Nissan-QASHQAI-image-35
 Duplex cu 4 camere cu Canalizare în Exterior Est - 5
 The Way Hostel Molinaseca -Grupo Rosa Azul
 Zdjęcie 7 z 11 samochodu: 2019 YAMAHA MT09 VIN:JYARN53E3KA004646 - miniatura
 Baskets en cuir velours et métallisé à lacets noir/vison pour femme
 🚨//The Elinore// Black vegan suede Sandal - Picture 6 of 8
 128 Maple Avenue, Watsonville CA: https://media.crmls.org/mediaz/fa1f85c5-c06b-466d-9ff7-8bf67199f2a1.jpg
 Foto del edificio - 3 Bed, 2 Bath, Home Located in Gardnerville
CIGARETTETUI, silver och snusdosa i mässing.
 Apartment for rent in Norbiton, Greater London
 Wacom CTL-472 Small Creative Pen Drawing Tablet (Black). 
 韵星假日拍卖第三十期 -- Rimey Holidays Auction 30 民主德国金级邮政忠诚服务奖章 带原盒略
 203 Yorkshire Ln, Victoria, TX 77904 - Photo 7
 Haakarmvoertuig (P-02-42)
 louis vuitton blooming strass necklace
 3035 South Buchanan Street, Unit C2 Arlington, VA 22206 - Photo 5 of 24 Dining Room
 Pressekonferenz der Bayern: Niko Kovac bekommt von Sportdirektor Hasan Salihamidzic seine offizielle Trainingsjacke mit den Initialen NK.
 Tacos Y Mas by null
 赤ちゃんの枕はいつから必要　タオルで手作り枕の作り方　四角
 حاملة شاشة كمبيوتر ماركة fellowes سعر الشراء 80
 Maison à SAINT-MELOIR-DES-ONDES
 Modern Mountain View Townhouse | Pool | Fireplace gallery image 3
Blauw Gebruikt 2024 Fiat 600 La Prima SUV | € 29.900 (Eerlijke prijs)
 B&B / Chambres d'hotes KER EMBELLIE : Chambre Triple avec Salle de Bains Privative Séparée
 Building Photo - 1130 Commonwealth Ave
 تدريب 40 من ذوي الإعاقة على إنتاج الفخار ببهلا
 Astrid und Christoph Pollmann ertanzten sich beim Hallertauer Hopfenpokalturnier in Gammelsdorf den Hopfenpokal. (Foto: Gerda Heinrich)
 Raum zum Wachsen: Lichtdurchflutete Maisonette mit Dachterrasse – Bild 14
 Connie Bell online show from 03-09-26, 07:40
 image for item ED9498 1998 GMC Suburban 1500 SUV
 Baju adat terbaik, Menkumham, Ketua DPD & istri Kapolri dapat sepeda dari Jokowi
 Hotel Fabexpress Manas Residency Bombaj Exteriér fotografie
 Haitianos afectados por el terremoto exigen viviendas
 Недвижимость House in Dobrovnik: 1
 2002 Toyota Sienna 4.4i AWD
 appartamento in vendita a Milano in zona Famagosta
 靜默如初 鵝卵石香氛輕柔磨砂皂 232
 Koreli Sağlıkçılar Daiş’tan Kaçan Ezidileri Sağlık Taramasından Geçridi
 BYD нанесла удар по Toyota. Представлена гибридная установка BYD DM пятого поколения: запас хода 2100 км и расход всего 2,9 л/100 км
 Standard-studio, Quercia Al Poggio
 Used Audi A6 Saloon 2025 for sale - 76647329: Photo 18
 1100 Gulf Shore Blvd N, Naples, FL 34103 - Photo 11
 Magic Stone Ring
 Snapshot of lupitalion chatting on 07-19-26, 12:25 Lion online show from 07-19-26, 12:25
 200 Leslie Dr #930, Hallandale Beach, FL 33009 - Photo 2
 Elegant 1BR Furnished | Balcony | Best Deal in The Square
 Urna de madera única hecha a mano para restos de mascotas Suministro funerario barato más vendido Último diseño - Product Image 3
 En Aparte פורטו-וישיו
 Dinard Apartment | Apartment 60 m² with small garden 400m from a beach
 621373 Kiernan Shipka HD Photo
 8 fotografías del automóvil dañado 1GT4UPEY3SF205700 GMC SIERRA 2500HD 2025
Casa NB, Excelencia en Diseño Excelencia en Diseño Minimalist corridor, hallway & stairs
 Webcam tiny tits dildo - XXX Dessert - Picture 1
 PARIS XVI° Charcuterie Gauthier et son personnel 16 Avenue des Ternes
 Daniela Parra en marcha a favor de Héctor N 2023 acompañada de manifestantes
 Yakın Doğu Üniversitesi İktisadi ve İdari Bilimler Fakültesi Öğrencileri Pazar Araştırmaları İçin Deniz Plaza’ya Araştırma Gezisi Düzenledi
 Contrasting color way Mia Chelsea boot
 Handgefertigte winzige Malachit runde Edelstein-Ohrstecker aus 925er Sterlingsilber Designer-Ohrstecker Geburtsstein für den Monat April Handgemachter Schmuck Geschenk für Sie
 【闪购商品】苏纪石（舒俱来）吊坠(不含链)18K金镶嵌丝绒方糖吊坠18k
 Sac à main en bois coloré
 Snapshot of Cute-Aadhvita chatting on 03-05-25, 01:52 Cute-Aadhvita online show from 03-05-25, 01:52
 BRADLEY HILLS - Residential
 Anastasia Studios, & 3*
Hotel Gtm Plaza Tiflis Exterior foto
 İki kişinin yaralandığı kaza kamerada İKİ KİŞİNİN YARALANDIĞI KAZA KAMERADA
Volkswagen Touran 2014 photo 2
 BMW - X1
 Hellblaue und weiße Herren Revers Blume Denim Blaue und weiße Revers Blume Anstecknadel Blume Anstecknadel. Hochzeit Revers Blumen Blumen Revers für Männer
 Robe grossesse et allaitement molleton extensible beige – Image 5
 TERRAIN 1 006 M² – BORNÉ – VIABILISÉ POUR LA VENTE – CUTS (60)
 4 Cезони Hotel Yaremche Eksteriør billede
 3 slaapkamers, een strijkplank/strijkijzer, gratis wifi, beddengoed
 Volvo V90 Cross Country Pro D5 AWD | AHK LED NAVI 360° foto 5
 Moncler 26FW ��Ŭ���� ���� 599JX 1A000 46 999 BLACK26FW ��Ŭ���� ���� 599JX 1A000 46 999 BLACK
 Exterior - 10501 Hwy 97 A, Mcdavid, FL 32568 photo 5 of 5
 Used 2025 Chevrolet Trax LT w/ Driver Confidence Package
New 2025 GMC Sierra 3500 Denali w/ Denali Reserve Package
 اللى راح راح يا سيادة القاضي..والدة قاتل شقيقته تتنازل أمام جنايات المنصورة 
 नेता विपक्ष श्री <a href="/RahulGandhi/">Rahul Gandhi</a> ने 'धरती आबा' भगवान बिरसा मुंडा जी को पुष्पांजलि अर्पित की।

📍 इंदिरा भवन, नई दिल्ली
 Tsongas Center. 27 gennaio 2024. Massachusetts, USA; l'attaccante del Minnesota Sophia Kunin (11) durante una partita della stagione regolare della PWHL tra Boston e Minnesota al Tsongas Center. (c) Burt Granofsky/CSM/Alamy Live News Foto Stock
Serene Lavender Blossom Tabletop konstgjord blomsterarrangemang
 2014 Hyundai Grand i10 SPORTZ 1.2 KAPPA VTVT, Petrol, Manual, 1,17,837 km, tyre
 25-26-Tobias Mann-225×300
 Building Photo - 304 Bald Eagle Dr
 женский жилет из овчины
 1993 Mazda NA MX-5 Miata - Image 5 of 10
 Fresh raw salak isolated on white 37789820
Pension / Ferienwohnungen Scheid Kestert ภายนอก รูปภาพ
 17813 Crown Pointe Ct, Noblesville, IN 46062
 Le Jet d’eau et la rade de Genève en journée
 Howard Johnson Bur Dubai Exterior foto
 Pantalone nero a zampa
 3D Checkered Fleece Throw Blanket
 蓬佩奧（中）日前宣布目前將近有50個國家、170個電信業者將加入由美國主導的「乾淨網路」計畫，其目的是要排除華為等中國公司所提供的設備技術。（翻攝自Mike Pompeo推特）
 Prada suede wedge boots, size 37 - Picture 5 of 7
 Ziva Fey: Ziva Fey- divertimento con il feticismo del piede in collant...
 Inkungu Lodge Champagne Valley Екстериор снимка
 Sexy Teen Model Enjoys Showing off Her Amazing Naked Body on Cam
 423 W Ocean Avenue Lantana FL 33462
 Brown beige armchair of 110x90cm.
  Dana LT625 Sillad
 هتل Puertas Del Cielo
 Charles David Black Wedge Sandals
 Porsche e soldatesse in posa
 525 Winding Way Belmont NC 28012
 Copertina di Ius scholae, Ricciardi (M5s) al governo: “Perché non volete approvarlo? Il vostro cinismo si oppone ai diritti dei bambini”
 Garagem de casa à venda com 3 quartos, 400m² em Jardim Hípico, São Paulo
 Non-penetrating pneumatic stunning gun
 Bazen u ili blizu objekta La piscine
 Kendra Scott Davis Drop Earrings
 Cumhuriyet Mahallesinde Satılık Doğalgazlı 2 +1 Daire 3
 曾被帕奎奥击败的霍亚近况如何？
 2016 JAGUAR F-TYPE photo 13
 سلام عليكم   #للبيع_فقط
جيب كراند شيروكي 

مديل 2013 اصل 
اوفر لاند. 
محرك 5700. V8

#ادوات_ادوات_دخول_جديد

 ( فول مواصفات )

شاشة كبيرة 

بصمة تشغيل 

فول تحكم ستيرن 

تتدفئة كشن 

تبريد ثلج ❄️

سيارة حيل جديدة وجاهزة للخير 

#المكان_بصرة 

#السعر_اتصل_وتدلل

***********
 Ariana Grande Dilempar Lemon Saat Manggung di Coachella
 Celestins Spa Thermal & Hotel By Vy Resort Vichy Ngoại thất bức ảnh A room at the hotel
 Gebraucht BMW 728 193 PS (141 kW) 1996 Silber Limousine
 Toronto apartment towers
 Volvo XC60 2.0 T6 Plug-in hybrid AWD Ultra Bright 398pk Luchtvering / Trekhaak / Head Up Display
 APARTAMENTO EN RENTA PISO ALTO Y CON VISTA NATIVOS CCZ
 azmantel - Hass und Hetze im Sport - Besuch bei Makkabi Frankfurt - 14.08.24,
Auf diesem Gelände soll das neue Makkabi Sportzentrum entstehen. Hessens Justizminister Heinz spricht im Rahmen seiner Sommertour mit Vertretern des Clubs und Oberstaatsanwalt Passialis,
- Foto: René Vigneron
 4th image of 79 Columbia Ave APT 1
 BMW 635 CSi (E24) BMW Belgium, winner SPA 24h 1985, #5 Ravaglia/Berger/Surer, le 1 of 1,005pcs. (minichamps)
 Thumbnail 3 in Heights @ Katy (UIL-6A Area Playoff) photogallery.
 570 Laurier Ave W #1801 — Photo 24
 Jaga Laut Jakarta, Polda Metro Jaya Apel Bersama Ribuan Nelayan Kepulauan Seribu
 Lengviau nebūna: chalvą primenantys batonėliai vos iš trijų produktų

_ _ _

* [WORK INSTRUCTIONS]
Where in the entries above does the word "Snapshot" appear? Copy each line that has it.

* [EXERCISE RESPONSE]
 Snapshot of lupitalion chatting on 07-19-26, 12:25 Lion online show from 07-19-26, 12:25
 Snapshot of Cute-Aadhvita chatting on 03-05-25, 01:52 Cute-Aadhvita online show from 03-05-25, 01:52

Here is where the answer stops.